Quickstart#

From a raw TimeSeries to a probabilistic forecast in a handful of lines. For full, runnable notebooks see Usage; for the details of each model see Enformer and GEnformer.

Temporal forecasting with Enformer#

Enformer follows the standard Darts fit / predict workflow.

import pandas as pd
from darts import TimeSeries
from genformer import Enformer

# 1. Load your data as a Darts TimeSeries
series = TimeSeries.from_dataframe(pd.read_csv("your_data.csv"))

# 2. Configure the model
model = Enformer(
    input_chunk_length=24,        # look-back window  (p)
    output_chunk_length=12,       # forecast horizon  (q)
    num_samples_engression=10,    # ensemble size     (M)
    noise_dist="gaussian",        # 'gaussian' or 'uniform'
    noise_std=0.1,                # noise scale        (σ)
    n_epochs=30,
)

# 3. Train
model.fit(series)

# 4. Draw a probabilistic forecast (50 sampled trajectories)
prediction = model.predict(n=12, num_samples=50)

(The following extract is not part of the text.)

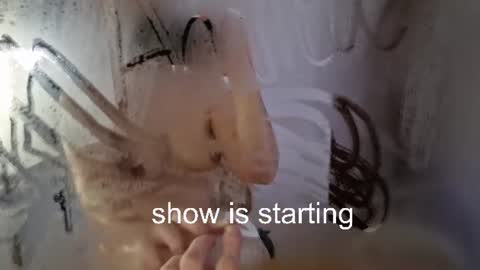 Anna online show from 07/11/26, 11:06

# 5. Plot the predictive interval
prediction.plot(low_quantile=0.05, high_quantile=0.95)

How the uncertainty appears

Each call to predict injects noise into the look-back window, so num_samples independent trajectories are produced. Quantiles over those samples form the predictive interval.

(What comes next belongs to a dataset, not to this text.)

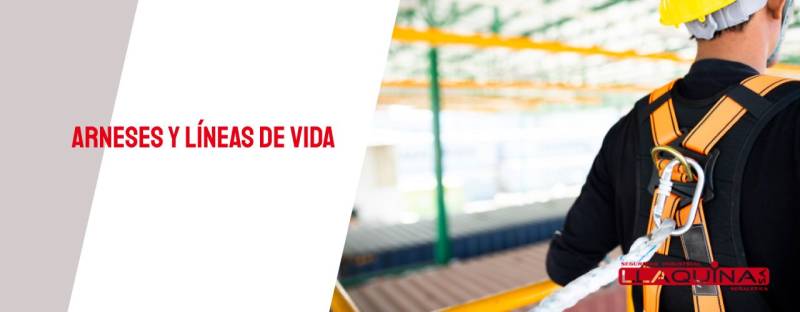 Arneses y líneas de vida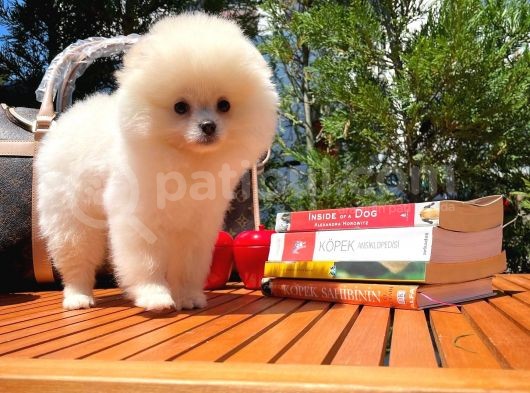 Ender Bulunan Güzelli̇k Yapısına Sahi̇p Di̇şi̇ Pomerani̇an Boo Yavrumuz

Spatiotemporal forecasting with GEnformer#

When your series live on a graph (sensors, regions, stations), use GEnformer. It applies a Graph Convolution over the adjacency structure before the Transformer backbone, and forecasts in latent GCN space via genformer.utils.generate_forecasts().

import torch
from genformer import GEnformer
from genformer.utils import generate_forecasts

# Adjacency matrix (num_nodes x num_nodes) describing the spatial graph
edges = torch.tensor([[0, 1, 1],
                      [1, 0, 1],
                      [1, 1, 0]], dtype=torch.float32)

model = GEnformer(
    input_chunk_length=24,
    output_chunk_length=12,
    edges=edges,
    num_nodes=3,
    gcn_out_feat=32,
    num_samples_engression=10,
    target_coverage=0.9,          # drives the calibration loss
    n_epochs=30,
)
model.fit(series)

# Forecast, then average over the latent dimension to get per-node forecasts
samples = generate_forecasts(model, history=series[-24:], m_samples=30)
node_forecasts = samples.mean(dim=-1).cpu().numpy()   # (M, T_out, N)

Key hyperparameters#

Argument

Symbol

Meaning

input_chunk_length

\(p\)

Length of the historical look-back window.

output_chunk_length

\(q\)

Forecast horizon.

num_samples_engression

\(M\)

In-sample ensemble size used to estimate the Energy Score during training.

noise_std

\(\sigma\)

Scale of the injected stochastic noise.

noise_dist

Noise family: "gaussian" or "uniform".